How do I find the data type of an AD attribute not having a value

Question

I am struggling to find the data type of AD attributes that are not having a value already. Thus far a resulting DirecoryEntry only contains a property for attributes that already have a value. I can't find a method to obtain information about all other attributes.

Adding a value to the 'PropertiesToLoad' doesn't seem to do anything. The returned DirectoryEntry object contains all attributes (with values) regardless of what is added here.

Code used:

public void Test(string ldapPath)
{
   Type orgType;
   try
   {
     using (DirectoryEntry searchRoot = GetSearchRoot(ldapPath))
     {
        using (DirectorySearcher search = new DirectorySearcher(searchRoot))
        {
            search.Filter = "(&(objectCategory=person)(objectClass=user)(sAMAccountName=coen))";

            search.PropertiesToLoad.Add("msExchHomeServerName");

            SearchResult searchResult = search.FindOne();
            {
                using (DirectoryEntry entry = searchResult.GetDirectoryEntry())
                {
                    if (entry != null)
                    {
                        if (entry.Properties.Contains("msExchHomeServerName"))
                        {
                            orgType = entry.Properties["msExchHomeServerName"].GetType();
                        }
                        else // The value is empty and NOT present in the current 'entry.Properties' object.
                        {
                            throw new Exception("Unknown type");
                        }
                    }
                }
            }
        }
    }
   }
   catch (Exception e)
   {
     <handle exception>
   }
}

Is there a way to find the data type of the 'msExchHomeServerName' (or any of the 'empty' attributes) attribute?

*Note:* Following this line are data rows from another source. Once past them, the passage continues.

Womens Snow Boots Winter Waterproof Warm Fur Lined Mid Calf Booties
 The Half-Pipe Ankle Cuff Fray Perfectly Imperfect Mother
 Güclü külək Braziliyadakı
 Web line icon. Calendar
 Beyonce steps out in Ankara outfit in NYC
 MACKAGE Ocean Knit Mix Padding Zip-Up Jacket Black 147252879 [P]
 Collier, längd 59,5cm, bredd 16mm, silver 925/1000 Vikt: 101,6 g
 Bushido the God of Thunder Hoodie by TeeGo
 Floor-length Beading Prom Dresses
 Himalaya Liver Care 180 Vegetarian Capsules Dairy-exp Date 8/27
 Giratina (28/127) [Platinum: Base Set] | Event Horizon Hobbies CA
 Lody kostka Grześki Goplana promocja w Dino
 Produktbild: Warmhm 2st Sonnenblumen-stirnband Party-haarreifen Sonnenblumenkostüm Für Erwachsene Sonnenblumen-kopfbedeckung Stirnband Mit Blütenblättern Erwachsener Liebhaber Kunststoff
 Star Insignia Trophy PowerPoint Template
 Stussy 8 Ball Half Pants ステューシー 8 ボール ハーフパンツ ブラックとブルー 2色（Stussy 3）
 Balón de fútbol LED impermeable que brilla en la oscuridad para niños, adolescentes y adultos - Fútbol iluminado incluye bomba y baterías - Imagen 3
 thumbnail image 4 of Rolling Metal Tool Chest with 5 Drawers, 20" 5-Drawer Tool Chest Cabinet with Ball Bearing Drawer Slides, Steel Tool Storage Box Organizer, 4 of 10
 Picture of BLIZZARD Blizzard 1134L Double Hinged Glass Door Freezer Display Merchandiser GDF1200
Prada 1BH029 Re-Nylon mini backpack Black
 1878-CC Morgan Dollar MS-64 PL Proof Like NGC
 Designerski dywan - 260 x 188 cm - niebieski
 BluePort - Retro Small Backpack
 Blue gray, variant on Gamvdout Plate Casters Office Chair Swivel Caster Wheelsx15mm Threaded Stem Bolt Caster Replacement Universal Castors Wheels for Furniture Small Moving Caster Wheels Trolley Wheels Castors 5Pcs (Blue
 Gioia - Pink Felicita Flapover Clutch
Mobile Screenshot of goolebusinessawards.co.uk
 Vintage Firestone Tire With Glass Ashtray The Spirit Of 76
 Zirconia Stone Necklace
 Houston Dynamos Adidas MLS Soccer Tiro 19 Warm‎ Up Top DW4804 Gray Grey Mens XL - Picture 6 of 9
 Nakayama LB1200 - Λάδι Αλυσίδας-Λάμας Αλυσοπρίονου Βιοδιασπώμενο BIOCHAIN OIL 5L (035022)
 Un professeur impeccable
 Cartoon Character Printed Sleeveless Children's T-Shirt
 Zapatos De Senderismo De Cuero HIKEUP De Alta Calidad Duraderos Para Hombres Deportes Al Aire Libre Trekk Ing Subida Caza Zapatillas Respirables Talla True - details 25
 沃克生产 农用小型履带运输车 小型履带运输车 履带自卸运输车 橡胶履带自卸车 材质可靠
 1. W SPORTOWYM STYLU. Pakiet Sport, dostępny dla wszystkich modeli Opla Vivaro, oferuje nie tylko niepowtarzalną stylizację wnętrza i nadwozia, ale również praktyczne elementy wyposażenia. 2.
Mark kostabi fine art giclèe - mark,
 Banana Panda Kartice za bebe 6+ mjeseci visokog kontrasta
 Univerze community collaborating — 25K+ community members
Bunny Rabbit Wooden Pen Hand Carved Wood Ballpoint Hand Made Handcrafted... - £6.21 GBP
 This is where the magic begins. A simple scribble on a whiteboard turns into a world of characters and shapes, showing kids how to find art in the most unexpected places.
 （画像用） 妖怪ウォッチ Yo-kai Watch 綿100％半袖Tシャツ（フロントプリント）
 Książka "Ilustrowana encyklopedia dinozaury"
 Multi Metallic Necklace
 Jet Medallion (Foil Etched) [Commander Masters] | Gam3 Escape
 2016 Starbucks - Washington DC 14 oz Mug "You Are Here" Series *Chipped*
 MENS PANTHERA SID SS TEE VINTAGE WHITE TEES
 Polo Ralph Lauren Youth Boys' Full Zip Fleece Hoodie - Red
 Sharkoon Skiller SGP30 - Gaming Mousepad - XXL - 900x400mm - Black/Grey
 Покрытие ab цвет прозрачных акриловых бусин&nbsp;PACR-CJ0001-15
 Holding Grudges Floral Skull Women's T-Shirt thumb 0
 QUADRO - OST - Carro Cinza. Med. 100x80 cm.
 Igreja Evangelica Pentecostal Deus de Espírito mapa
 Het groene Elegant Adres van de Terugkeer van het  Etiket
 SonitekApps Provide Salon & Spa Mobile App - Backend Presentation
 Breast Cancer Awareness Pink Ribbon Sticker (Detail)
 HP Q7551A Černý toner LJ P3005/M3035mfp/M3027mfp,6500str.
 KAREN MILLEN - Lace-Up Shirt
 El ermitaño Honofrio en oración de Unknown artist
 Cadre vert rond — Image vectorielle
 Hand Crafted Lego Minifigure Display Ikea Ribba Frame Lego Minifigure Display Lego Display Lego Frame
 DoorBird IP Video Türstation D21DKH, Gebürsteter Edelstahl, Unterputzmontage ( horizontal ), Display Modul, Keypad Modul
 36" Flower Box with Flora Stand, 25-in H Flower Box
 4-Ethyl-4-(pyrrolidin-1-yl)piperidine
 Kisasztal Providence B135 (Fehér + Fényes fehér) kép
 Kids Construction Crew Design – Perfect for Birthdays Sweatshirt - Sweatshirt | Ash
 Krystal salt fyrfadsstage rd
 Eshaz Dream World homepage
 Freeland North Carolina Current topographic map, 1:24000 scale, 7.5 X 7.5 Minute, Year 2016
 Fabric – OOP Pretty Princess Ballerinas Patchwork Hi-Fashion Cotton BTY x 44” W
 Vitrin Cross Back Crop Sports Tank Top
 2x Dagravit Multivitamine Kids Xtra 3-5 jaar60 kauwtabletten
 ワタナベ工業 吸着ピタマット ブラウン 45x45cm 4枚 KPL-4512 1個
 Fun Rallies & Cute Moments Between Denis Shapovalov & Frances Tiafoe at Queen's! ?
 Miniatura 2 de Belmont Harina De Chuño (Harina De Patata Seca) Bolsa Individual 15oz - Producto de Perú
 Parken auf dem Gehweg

Any help would be highly appreciated!

Coen

Answer 1

Thanks to Damien_The_Unbeliever who pointed me in the right direction, I managed to create the following method:

public Dictionary<string, ActiveDirectorySyntax> GetAttributeSyntaxes(List<string> lstAttributeNames)
{
    Dictionary<string, ActiveDirectorySyntax> dictRes = new Dictionary<string, ActiveDirectorySyntax>();

    if (lstAttributeNames.Count > 0)
    {
        DirectoryContext directoryContext = new DirectoryContext(DirectoryContextType.DirectoryServer,
                                                             m_Server, m_UserName, m_Password);

        using (ActiveDirectorySchema currentSchema = ActiveDirectorySchema.GetSchema(directoryContext))
        {
            using (ActiveDirectorySchemaClass objClass = currentSchema.FindClass("user"))
            {
                if (objClass != null)
                {
                    ReadOnlyActiveDirectorySchemaPropertyCollection propcol = objClass.GetAllProperties();

                    foreach (ActiveDirectorySchemaProperty schemaProperty in propcol)
                    {
                        foreach (string attrName in lstAttributeNames)
                        {
                            if (schemaProperty.Name.Equals(attrName))
                            {                                    
                                dictRes.Add(attrName, schemaProperty.Syntax);

                                break;
                            }
                        }
                    }
                }
            }
        }
    }

    return dictRes;
}

The returned 'schemaProperty.Syntax' contains sufficient information to determine the actual data type.

Thanks Damien!

Answer 2

Active Directory has a schema. Obvious to say, not obvious to think about since, by default, you cannot explore it.

However, you can Register the Active Directory Schema MMC Snap-In¹ and then, in a fresh instance of MMC, add that Snap-In.

This then allows you to explore the Classes and Attributes that make up your current AD schema (and add new classes/attributes if you know what you're doing and choose to do so).

msExchHomeServerName can then be discovered to be a "Unicode String", which means a plain string from C# should be acceptable. Note also that some types (particularly numeric ones) may also specify Minimums and Maximums which should be observed.

You can also explore the schema programatically via the ActiveDirectorySchema class, by e.g. calling ActiveDirectorySchema.GetCurrentSchema(); and then explore from there.

---

¹I cannot remember if you need to have installed the general Domain Admin tools (such as Users and Computers) in order for that DLL to exist on your system.